After locating "61 Redcastle Drive East Tamaki_3" in the listing below, copy that line and each one after it exactly, ending with the line that has "Photo 1 of Main".

▶ _PROVIDED RECORDS_
_ _ _ _ _ _ _

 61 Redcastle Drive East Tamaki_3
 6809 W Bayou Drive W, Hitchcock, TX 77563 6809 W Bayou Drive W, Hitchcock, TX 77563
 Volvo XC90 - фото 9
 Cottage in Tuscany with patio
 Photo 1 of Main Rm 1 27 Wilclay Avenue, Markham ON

_ _ _ _ _ _ _

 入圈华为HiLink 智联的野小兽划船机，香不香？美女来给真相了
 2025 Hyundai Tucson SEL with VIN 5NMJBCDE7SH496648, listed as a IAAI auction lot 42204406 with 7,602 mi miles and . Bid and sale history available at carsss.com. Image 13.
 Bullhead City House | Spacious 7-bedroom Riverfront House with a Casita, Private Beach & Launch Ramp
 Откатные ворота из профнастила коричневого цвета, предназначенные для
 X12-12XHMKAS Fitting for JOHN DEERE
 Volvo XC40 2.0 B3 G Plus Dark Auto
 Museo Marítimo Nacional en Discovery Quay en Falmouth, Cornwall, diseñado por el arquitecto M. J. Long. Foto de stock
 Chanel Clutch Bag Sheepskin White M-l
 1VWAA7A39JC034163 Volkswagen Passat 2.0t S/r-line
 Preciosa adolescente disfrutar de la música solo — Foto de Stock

_ _ _ _ _ _ _

▶ _RESPONSE BOX_
 61 Redcastle Drive East Tamaki_3
 6809 W Bayou Drive W, Hitchcock, TX 77563 6809 W Bayou Drive W, Hitchcock, TX 77563
 Volvo XC90 - фото 9
 Cottage in Tuscany with patio
 Photo 1 of Main Rm 1 27 Wilclay Avenue, Markham ON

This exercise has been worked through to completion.